Interestingly I setup a gmail account a few months ago for testing and 
have received over 100 spams on that account and have never even used it.

My main email address gets VERY little spam (maybe less than 10 a wk) 
and Ive used it for 4 years. I consider having disposable email accounts 
(like yahoo and gmail in my case) necessary, as nobody except my regular 
contacts ever gets my real email.



Joseph Steig wrote:
>    ** Be sure to fill out the survey/skills inventory in the member's area.
>    ** If you did, we all thank you.
>
>
>   
>
> ------------------------------------------------------------------------
>
> I received over 88,000 Spam messages in the last 30 days! Just checked 
> my Spam "folder" which I never normally do.
>
> And almost NONE of them came into my inbox--perhaps a dozen a day at 
> most on a bad day.
>
> I use Google's GMail.

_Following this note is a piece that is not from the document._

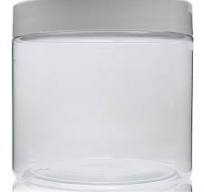 650ml Clear PET Straight Cylindrical Jar & 100mm I.H.S. Lid
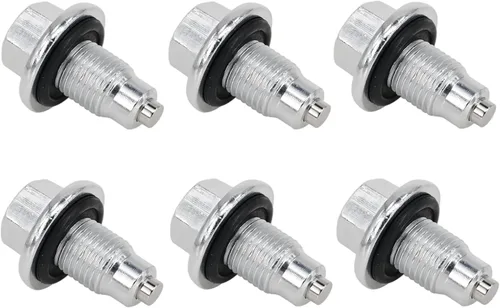 Miniatura 8 de 6 tapones de drenaje de aceite M12-1.75, cabeza hexagonal de 0.591 in con Torx T45, compatible con vehículos GMC Buick Cadillac Chevrolet 2013-2022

I have seven e-mail addresses that neatly flow 
> into one inbox. I have only ONCE in the last year had Google 
> incorrectly identify something as SPAM--I never normally check my Spam 
> "folder". ("Folder" is in quotes because GMail doesn't actually use 
> folders but rather uses tags.)
>
> I sound like an advertisement for Google, but with Google in my life, 
> Spam no longer exists as a concern for me--it's Google's worry and 
> they handle it beautifully.
>
> And yes I know, Sergey and Larry and the CIA are reading my e-mail. 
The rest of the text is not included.